__Records to use__
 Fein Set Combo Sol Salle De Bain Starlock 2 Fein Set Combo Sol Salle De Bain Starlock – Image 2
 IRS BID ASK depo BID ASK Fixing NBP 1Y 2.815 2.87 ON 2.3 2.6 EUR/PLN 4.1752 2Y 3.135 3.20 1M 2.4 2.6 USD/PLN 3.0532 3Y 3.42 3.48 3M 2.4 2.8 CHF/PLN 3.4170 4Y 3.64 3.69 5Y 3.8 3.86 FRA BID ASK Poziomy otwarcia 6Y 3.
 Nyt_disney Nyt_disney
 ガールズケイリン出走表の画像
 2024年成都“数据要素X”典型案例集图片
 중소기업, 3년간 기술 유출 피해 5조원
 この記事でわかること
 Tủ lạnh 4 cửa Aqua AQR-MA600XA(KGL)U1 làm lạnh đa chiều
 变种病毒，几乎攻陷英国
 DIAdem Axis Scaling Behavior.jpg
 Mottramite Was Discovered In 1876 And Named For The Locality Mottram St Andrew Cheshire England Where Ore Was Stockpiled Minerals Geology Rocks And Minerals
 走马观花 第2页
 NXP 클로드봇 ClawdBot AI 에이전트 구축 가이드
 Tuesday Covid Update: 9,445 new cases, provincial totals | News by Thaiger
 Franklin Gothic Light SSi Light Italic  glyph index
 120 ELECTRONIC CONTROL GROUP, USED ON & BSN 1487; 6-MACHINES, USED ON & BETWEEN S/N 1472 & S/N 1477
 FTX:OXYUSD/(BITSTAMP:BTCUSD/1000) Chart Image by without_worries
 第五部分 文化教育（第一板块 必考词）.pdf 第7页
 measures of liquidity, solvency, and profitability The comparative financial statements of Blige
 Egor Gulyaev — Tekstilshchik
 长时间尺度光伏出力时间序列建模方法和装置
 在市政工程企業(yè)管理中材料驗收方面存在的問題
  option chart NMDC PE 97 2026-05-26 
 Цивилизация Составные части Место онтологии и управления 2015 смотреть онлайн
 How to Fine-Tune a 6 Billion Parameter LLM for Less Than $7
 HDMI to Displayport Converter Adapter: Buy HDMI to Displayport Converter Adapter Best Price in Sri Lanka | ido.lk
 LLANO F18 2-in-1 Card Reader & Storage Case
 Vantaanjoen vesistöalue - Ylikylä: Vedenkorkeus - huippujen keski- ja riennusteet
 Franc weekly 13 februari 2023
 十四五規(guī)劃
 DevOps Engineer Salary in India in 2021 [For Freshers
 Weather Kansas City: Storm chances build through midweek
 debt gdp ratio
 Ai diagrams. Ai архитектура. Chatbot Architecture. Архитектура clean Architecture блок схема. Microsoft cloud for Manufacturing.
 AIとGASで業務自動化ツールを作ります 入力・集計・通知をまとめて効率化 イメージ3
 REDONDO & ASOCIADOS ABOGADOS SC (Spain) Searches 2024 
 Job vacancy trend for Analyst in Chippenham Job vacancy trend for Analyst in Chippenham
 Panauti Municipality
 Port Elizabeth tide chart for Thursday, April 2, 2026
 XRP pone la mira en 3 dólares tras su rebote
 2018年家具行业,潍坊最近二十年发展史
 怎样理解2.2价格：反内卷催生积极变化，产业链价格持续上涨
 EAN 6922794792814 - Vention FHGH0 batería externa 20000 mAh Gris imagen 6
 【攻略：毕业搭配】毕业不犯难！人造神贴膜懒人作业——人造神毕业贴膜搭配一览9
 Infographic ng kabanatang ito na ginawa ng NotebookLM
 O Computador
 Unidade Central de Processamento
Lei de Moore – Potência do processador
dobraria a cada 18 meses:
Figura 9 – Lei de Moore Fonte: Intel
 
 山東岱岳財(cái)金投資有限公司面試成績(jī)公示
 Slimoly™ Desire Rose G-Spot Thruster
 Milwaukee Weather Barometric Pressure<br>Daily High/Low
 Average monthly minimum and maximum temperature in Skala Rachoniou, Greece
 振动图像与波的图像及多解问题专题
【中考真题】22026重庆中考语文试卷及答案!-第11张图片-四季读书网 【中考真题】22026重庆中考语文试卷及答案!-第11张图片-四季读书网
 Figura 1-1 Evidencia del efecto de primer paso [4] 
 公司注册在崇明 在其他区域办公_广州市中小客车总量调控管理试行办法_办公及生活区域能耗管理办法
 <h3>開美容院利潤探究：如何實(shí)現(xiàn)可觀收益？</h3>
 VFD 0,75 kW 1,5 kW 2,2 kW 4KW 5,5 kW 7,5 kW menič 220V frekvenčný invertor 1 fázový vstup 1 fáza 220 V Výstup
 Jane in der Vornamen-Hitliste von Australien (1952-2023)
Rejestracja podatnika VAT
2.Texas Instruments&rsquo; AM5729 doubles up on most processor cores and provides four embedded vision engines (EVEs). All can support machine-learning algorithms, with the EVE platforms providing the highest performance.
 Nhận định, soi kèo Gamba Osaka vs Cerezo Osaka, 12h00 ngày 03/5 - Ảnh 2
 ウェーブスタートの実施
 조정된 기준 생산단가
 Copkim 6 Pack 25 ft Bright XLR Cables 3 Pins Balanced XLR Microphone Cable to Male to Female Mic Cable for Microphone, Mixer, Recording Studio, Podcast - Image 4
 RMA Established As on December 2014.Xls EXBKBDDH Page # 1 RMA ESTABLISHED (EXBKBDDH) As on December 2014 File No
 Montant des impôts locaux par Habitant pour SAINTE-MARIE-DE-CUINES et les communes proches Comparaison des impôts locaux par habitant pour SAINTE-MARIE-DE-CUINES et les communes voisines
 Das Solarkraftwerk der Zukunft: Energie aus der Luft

__Problem requirements__
Repeat the material above in full. Change no word.

__Exercise result__
 Fein Set Combo Sol Salle De Bain Starlock 2 Fein Set Combo Sol Salle De Bain Starlock – Image 2
 IRS BID ASK depo BID ASK Fixing NBP 1Y 2.815 2.87 ON 2.3 2.6 EUR/PLN 4.1752 2Y 3.135 3.20 1M 2.4 2.6 USD/PLN 3.0532 3Y 3.42 3.48 3M 2.4 2.8 CHF/PLN 3.4170 4Y 3.64 3.69 5Y 3.8 3.86 FRA BID ASK Poziomy otwarcia 6Y 3.
 Nyt_disney Nyt_disney
 ガールズケイリン出走表の画像
 2024年成都“数据要素X”典型案例集图片
 중소기업, 3년간 기술 유출 피해 5조원
 この記事でわかること
 Tủ lạnh 4 cửa Aqua AQR-MA600XA(KGL)U1 làm lạnh đa chiều
 变种病毒，几乎攻陷英国
 DIAdem Axis Scaling Behavior.jpg
 Mottramite Was Discovered In 1876 And Named For The Locality Mottram St Andrew Cheshire England Where Ore Was Stockpiled Minerals Geology Rocks And Minerals
 走马观花 第2页
 NXP 클로드봇 ClawdBot AI 에이전트 구축 가이드
 Tuesday Covid Update: 9,445 new cases, provincial totals | News by Thaiger
 Franklin Gothic Light SSi Light Italic  glyph index
 120 ELECTRONIC CONTROL GROUP, USED ON & BSN 1487; 6-MACHINES, USED ON & BETWEEN S/N 1472 & S/N 1477
 FTX:OXYUSD/(BITSTAMP:BTCUSD/1000) Chart Image by without_worries
 第五部分 文化教育（第一板块 必考词）.pdf 第7页
 measures of liquidity, solvency, and profitability The comparative financial statements of Blige
 Egor Gulyaev — Tekstilshchik
 长时间尺度光伏出力时间序列建模方法和装置
 在市政工程企業(yè)管理中材料驗收方面存在的問題
  option chart NMDC PE 97 2026-05-26 
 Цивилизация Составные части Место онтологии и управления 2015 смотреть онлайн
 How to Fine-Tune a 6 Billion Parameter LLM for Less Than $7
 HDMI to Displayport Converter Adapter: Buy HDMI to Displayport Converter Adapter Best Price in Sri Lanka | ido.lk
 LLANO F18 2-in-1 Card Reader & Storage Case
 Vantaanjoen vesistöalue - Ylikylä: Vedenkorkeus - huippujen keski- ja riennusteet
 Franc weekly 13 februari 2023
 十四五規(guī)劃
 DevOps Engineer Salary in India in 2021 [For Freshers
 Weather Kansas City: Storm chances build through midweek
 debt gdp ratio
 Ai diagrams. Ai архитектура. Chatbot Architecture. Архитектура clean Architecture блок схема. Microsoft cloud for Manufacturing.
 AIとGASで業務自動化ツールを作ります 入力・集計・通知をまとめて効率化 イメージ3
 REDONDO & ASOCIADOS ABOGADOS SC (Spain) Searches 2024 
 Job vacancy trend for Analyst in Chippenham Job vacancy trend for Analyst in Chippenham
 Panauti Municipality
 Port Elizabeth tide chart for Thursday, April 2, 2026
 XRP pone la mira en 3 dólares tras su rebote
 2018年家具行业,潍坊最近二十年发展史
 怎样理解2.2价格：反内卷催生积极变化，产业链价格持续上涨
 EAN 6922794792814 - Vention FHGH0 batería externa 20000 mAh Gris imagen 6
 【攻略：毕业搭配】毕业不犯难！人造神贴膜懒人作业——人造神毕业贴膜搭配一览9
 Infographic ng kabanatang ito na ginawa ng NotebookLM
 O Computador
 Unidade Central de Processamento
Lei de Moore – Potência do processador
dobraria a cada 18 meses:
Figura 9 – Lei de Moore Fonte: Intel
 
 山東岱岳財(cái)金投資有限公司面試成績(jī)公示
 Slimoly™ Desire Rose G-Spot Thruster
 Milwaukee Weather Barometric Pressure<br>Daily High/Low
 Average monthly minimum and maximum temperature in Skala Rachoniou, Greece
 振动图像与波的图像及多解问题专题
【中考真题】22026重庆中考语文试卷及答案!-第11张图片-四季读书网 【中考真题】22026重庆中考语文试卷及答案!-第11张图片-四季读书网
 Figura 1-1 Evidencia del efecto de primer paso [4] 
 公司注册在崇明 在其他区域办公_广州市中小客车总量调控管理试行办法_办公及生活区域能耗管理办法
 <h3>開美容院利潤探究：如何實(shí)現(xiàn)可觀收益？</h3>
 VFD 0,75 kW 1,5 kW 2,2 kW 4KW 5,5 kW 7,5 kW menič 220V frekvenčný invertor 1 fázový vstup 1 fáza 220 V Výstup
 Jane in der Vornamen-Hitliste von Australien (1952-2023)
Rejestracja podatnika VAT
2.Texas Instruments&rsquo; AM5729 doubles up on most processor cores and provides four embedded vision engines (EVEs). All can support machine-learning algorithms, with the EVE platforms providing the highest performance.
 Nhận định, soi kèo Gamba Osaka vs Cerezo Osaka, 12h00 ngày 03/5 - Ảnh 2
 ウェーブスタートの実施
 조정된 기준 생산단가
 Copkim 6 Pack 25 ft Bright XLR Cables 3 Pins Balanced XLR Microphone Cable to Male to Female Mic Cable for Microphone, Mixer, Recording Studio, Podcast - Image 4
 RMA Established As on December 2014.Xls EXBKBDDH Page # 1 RMA ESTABLISHED (EXBKBDDH) As on December 2014 File No
 Montant des impôts locaux par Habitant pour SAINTE-MARIE-DE-CUINES et les communes proches Comparaison des impôts locaux par habitant pour SAINTE-MARIE-DE-CUINES et les communes voisines
 Das Solarkraftwerk der Zukunft: Energie aus der Luft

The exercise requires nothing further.